Vier Lebenswege in Georgien

Es ist ein Roman, der verschlungen werden will und der verschlingt. Nino Haratischwili erzählt so mitreißend, schonungslos und dicht, dass die mehr als 800 Seiten einen nächtelang wach sein und lesen lassen.
Im Mittelpunkt stehen vier Freundinnen: Keto, die Erzählerin, die später Restauratorin und Malerin wird, Dina, eine zukünftige Kriegsfotografin, Ira, später eine erfolgreiche Juristin, und Nene, die bei ihrem kriminellen Onkel aufwächst. Sie wachsen gemeinsamen in einem Hinterhof in Tiblissi, Georgien in den 80/90er Jahren auf.
Der Roman be­ginnt mit einer Szene, in der die vier in den Botanischen Garten einbrechen, um in den Brunnen zu springen.

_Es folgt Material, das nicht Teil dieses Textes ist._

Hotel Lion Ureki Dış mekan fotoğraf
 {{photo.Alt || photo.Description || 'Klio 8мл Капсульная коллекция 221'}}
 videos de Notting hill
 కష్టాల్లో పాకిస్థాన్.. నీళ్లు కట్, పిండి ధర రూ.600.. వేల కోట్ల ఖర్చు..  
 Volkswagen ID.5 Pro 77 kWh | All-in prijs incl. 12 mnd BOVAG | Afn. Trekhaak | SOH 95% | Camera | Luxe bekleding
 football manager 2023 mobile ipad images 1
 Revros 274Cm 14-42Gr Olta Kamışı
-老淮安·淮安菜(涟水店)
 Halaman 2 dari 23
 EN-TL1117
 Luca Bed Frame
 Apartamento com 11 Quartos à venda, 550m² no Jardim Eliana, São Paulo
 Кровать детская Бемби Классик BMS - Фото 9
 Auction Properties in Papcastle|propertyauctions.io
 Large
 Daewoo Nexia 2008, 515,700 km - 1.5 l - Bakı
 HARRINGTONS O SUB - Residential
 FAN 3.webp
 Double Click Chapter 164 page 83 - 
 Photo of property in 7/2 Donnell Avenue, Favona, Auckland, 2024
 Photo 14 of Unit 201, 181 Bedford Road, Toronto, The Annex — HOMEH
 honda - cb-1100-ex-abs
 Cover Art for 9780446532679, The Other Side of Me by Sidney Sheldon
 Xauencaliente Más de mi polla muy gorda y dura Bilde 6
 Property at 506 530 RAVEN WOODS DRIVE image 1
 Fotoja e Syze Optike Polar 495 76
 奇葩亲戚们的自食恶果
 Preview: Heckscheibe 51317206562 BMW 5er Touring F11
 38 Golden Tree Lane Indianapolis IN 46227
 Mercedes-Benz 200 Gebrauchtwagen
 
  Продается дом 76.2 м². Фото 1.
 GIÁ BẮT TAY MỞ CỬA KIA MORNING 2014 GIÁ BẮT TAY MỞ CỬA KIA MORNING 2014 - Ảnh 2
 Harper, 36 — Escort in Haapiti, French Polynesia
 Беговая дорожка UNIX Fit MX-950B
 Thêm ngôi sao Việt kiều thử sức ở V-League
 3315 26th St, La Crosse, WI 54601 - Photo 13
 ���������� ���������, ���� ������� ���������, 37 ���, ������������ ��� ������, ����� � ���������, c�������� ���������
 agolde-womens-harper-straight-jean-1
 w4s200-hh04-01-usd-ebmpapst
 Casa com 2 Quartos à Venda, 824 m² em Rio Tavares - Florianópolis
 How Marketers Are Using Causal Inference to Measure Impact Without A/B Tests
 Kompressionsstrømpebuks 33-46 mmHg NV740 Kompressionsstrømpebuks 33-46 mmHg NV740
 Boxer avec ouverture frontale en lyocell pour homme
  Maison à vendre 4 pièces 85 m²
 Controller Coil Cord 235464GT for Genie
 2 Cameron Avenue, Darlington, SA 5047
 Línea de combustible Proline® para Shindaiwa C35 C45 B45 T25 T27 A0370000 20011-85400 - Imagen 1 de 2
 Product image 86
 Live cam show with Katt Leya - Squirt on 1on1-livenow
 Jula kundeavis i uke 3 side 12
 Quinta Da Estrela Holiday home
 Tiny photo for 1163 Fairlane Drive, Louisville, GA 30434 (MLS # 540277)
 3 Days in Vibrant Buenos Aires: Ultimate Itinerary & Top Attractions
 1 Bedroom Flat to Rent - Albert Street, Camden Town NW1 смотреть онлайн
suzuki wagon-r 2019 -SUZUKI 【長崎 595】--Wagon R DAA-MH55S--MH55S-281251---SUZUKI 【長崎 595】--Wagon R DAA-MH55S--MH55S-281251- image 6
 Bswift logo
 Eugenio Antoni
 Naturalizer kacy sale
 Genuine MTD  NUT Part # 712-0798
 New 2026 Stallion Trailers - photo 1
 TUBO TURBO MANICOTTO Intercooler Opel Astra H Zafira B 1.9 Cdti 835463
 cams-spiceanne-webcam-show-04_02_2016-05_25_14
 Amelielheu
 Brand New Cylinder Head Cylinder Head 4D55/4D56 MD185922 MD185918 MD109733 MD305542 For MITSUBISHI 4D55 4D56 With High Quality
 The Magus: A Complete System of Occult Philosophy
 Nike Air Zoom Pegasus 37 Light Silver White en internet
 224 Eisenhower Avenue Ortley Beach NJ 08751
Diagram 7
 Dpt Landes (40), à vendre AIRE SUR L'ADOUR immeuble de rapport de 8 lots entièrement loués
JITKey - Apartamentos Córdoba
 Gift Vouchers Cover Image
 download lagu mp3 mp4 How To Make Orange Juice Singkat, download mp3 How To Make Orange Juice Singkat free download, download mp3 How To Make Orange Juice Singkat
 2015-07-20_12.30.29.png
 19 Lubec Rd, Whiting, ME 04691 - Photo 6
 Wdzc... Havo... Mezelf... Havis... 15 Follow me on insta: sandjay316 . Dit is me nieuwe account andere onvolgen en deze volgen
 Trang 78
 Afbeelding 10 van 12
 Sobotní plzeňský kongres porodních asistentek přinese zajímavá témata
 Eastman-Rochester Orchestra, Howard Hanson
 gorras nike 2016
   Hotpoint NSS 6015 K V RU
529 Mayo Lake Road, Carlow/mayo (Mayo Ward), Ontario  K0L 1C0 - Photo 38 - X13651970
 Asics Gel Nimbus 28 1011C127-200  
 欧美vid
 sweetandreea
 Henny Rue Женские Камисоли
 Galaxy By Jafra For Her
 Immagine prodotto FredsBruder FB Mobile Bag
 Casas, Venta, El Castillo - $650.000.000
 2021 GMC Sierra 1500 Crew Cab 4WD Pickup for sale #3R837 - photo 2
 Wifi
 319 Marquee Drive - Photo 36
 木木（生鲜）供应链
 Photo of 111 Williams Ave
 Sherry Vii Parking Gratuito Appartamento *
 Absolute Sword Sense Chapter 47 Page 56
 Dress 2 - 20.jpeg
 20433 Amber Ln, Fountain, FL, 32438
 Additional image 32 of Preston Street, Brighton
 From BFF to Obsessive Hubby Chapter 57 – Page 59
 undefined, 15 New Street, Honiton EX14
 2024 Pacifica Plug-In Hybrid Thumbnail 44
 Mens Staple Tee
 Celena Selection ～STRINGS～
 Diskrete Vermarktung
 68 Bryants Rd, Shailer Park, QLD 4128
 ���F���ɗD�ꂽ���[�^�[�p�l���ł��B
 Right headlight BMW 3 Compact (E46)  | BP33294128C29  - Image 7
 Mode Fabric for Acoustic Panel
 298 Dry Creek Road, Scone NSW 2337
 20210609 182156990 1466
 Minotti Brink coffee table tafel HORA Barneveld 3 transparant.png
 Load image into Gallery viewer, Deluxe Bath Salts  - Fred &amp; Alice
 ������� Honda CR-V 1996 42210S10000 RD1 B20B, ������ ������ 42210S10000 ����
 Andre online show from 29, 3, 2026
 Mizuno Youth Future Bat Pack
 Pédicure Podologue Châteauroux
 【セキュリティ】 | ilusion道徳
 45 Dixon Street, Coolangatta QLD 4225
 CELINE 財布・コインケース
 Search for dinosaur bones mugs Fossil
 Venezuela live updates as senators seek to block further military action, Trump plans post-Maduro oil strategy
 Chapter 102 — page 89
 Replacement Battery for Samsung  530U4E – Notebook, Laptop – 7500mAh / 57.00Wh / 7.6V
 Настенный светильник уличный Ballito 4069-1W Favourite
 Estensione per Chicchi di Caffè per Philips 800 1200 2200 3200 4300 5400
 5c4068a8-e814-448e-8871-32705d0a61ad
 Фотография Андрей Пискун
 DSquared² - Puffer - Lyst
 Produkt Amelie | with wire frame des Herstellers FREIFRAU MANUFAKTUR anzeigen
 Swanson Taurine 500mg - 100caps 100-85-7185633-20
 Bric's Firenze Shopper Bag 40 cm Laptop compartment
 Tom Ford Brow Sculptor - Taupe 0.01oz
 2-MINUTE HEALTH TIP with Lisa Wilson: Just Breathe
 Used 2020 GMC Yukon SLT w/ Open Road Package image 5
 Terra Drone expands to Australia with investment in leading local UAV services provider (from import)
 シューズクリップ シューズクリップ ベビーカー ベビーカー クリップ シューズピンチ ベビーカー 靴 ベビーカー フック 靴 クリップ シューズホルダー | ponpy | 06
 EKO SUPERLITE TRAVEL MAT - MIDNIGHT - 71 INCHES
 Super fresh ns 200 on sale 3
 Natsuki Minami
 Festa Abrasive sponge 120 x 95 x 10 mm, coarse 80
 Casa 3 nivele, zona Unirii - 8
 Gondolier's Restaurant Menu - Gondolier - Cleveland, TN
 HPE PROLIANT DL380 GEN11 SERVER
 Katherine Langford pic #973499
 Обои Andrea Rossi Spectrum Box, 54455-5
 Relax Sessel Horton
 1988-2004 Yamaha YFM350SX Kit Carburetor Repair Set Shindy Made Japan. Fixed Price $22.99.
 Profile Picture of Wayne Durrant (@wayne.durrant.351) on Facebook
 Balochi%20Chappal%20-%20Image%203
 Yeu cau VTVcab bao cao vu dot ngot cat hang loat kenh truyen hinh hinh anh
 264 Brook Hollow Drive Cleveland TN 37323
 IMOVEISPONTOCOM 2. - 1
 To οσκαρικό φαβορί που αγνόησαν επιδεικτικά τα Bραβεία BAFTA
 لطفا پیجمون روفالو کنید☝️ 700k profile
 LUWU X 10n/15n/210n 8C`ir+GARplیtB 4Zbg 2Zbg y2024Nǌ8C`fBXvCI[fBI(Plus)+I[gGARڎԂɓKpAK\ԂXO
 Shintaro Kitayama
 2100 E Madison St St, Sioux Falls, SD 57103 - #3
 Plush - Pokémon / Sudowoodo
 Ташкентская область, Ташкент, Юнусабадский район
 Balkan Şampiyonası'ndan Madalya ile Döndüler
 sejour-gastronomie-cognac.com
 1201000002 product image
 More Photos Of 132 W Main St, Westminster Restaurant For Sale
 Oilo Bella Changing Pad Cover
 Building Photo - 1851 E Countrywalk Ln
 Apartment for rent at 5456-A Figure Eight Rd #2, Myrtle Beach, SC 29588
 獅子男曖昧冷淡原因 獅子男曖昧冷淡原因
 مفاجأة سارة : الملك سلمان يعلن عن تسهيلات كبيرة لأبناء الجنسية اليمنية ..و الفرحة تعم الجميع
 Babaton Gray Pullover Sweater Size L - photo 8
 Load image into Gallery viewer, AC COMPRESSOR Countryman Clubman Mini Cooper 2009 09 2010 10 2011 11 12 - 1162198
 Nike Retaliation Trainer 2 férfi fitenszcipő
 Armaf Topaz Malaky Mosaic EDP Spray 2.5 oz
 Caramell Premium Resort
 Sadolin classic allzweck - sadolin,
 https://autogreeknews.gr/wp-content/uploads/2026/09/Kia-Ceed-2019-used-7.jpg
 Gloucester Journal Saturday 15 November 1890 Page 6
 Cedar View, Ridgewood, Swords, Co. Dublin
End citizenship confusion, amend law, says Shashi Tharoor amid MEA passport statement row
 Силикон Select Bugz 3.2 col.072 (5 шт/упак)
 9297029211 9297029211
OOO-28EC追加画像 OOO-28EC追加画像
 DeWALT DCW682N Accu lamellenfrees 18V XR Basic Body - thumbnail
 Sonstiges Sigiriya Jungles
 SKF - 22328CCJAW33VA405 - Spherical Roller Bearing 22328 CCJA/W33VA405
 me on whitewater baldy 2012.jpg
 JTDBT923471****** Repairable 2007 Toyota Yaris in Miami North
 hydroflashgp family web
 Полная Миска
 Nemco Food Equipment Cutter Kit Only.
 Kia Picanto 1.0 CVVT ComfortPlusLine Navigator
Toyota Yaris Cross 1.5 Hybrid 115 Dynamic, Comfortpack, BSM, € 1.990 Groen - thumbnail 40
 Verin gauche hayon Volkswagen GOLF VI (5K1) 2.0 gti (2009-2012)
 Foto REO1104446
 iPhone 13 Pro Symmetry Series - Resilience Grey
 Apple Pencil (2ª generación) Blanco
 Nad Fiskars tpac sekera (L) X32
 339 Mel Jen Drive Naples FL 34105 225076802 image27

Es klingt idyllisch, doch dann kommt die Auflösung der Sowjetunion, 1991 die Unabhängigkeit Georgiens, wenig später der Sturz des ersten frei gewählten Präsidenten. Es folgen Bürgerkrieg und Chaos. Haratischwili erzählt von Mord, Kälte und Todesangst, von Zwangsverheiratung und Vergewaltigung, von Menschen, die ein Menschenleben kaum noch wertschätzen. Und der Gespaltenheit einer jungen Demokratie im Bürgerkrieg. Allem trotzt diese Freundschaft, bis ein unverzeihlicher Verrat und ein tragischer Tod sie schließlich doch auseinandersprengt.
Viele Jahre später treffen Keto, Nene und Ira in Brüssel wieder zusammen, anlässlich einer Ausstellungseröffnung. Gezeigt werden Fotografien von ihrer toten Freundin Dina, der kompromisslosesten, lebenshungrigsten der drei, die die Freundinnen mit Macht zurückkatapultieren in die Vergangenheit.
Nino Haratischwili wechselt elegant zwischen Vergangenheit und Gegenwart. Sie lässt wunderbare sprachliche Bilder entstehen, die lang im Kopf bleiben und einen in einen narrativen Sog ziehen.
Haratischwili, die auch Theaterautorin und Regisseurin ist, wurde 1983 in Tiblissi/Georgien geboren und lebt in Berlin. Weitere Bücher sind unter anderem »Die Katze und der General«, das »Achte Leben (Für Brilka)« und »JUJA«.